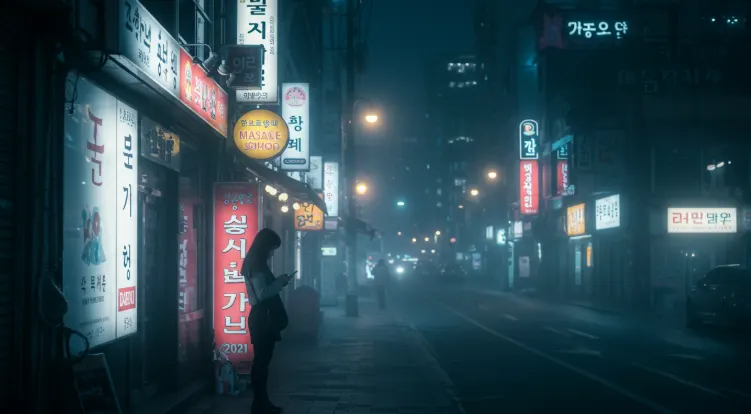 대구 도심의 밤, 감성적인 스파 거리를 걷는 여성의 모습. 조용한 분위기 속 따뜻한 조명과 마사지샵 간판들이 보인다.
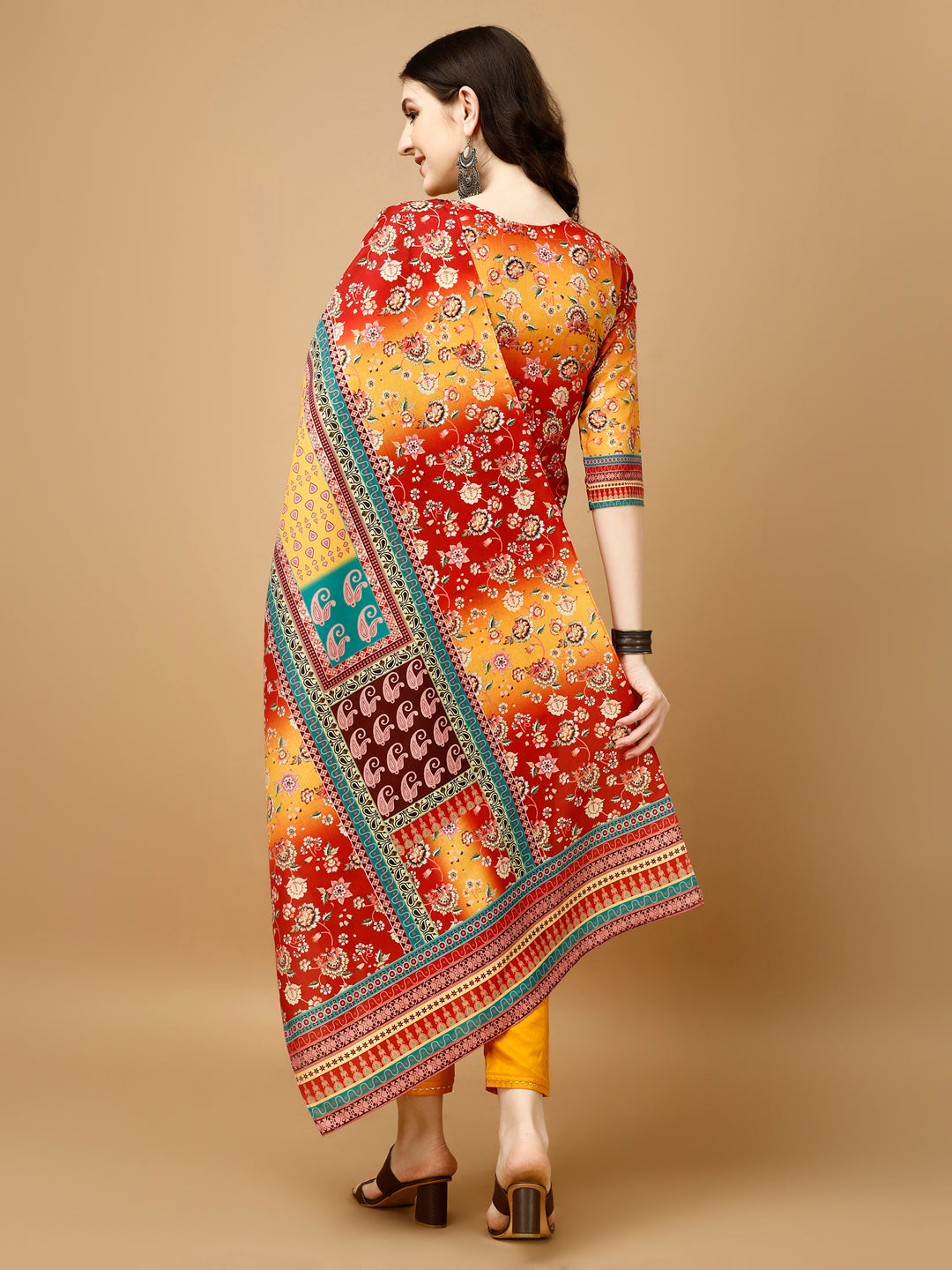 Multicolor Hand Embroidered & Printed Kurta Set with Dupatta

- - -

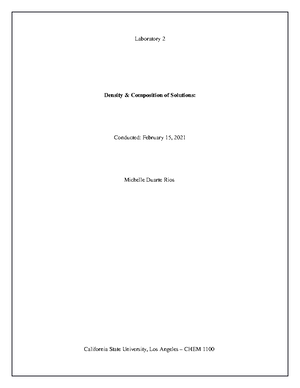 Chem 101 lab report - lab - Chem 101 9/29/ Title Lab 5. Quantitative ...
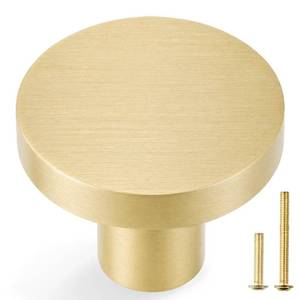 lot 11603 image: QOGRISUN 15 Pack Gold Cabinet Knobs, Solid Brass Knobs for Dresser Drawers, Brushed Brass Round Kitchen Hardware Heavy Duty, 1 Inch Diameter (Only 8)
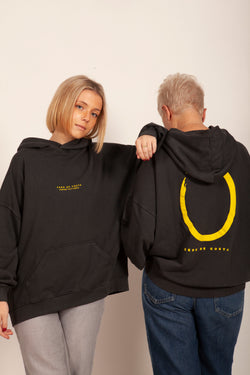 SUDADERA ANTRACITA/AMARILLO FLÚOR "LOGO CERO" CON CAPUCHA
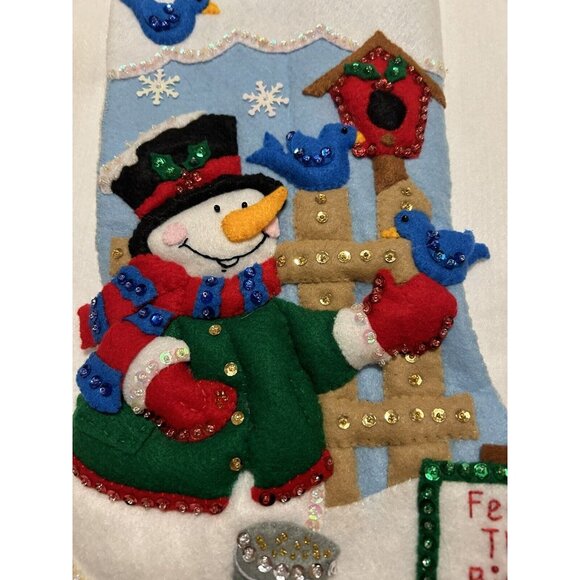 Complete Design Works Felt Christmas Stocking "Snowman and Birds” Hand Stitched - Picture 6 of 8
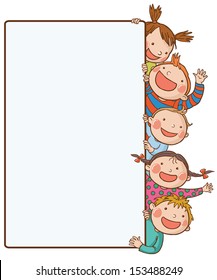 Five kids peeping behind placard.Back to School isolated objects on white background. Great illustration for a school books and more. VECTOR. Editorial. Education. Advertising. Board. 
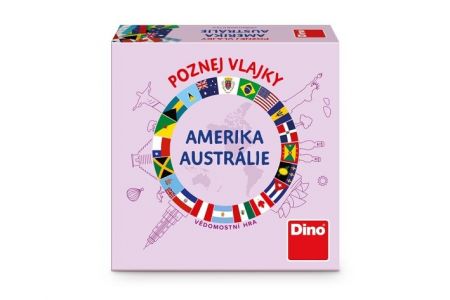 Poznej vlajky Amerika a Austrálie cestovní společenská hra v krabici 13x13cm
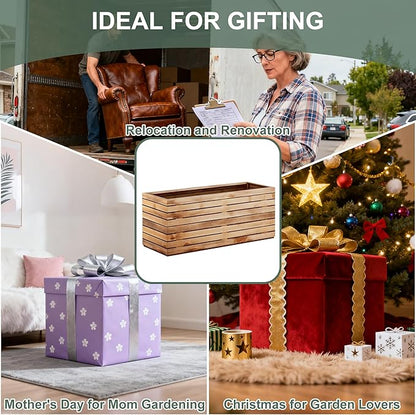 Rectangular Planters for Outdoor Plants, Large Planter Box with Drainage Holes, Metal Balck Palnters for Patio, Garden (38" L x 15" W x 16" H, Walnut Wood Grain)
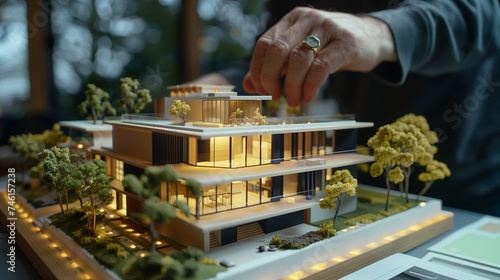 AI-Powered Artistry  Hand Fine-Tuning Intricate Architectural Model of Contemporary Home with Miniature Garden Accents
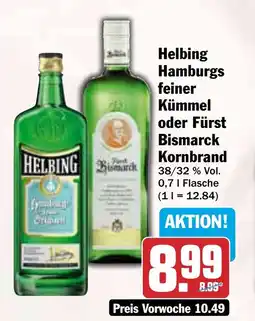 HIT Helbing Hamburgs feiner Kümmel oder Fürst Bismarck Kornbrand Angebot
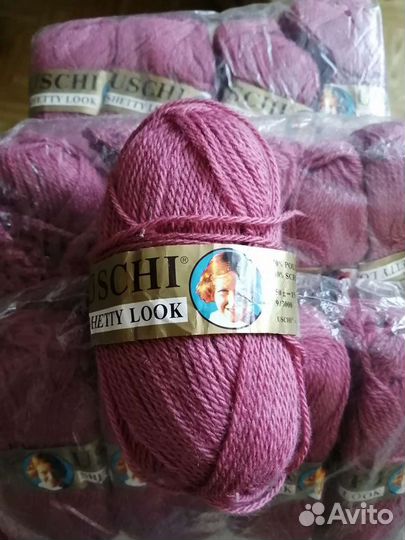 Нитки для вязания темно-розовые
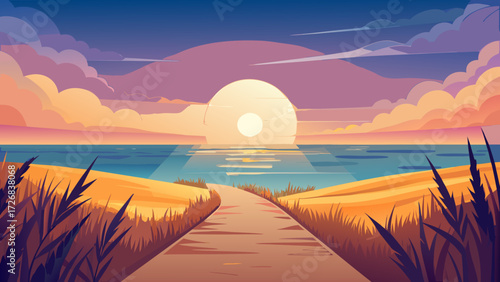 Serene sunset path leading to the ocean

- - -

Requirement: Return the material from the line containing "Complete Design Works" through the line containing "Poznej vlajky Amerika", exactly and in full, but without its pictures.

Exercise answer:
 Complete Design Works Felt Christmas Stocking "Snowman and Birds” Hand Stitched - Picture 6 of 8
 Five kids peeping behind placard.Back to School isolated objects on white background. Great illustration for a school books and more. VECTOR. Editorial. Education. Advertising. Board. 
 Poznej vlajky Amerika a Austrálie cestovní společenská hra v krabici 13x13cm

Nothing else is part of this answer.